Top of Supplied data
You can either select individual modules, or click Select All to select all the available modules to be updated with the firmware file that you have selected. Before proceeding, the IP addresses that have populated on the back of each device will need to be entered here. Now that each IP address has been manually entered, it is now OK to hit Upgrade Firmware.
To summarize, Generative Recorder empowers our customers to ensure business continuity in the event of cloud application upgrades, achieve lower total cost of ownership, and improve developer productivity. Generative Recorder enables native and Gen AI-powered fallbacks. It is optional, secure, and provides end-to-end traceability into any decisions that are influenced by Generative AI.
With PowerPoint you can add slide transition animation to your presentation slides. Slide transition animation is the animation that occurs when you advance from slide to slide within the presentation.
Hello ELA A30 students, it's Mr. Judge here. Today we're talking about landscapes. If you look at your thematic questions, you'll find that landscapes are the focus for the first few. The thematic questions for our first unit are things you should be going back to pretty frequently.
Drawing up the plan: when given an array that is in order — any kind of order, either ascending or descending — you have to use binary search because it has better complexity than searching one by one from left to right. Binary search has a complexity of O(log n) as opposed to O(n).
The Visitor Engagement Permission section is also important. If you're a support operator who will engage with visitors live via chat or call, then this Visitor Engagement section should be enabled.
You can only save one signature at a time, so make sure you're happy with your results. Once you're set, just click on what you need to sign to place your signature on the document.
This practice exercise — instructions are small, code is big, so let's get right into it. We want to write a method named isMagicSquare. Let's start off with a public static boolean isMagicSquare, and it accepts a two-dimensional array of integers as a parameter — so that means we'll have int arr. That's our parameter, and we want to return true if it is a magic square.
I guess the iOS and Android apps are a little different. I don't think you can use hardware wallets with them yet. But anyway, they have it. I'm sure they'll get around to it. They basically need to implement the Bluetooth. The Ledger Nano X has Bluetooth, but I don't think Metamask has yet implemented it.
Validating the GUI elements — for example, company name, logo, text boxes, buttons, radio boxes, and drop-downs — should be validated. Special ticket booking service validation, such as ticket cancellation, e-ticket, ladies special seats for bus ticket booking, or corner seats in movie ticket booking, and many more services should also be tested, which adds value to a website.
Bottom of Supplied data
## What to work on
Find the line containing "You can only", then output it and every line after it to the end of the data, exactly.

## Final answer
You can only save one signature at a time, so make sure you're happy with your results. Once you're set, just click on what you need to sign to place your signature on the document.
This practice exercise — instructions are small, code is big, so let's get right into it. We want to write a method named isMagicSquare. Let's start off with a public static boolean isMagicSquare, and it accepts a two-dimensional array of integers as a parameter — so that means we'll have int arr. That's our parameter, and we want to return true if it is a magic square.
I guess the iOS and Android apps are a little different. I don't think you can use hardware wallets with them yet. But anyway, they have it. I'm sure they'll get around to it. They basically need to implement the Bluetooth. The Ledger Nano X has Bluetooth, but I don't think Metamask has yet implemented it.
Validating the GUI elements — for example, company name, logo, text boxes, buttons, radio boxes, and drop-downs — should be validated. Special ticket booking service validation, such as ticket cancellation, e-ticket, ladies special seats for bus ticket booking, or corner seats in movie ticket booking, and many more services should also be tested, which adds value to a website.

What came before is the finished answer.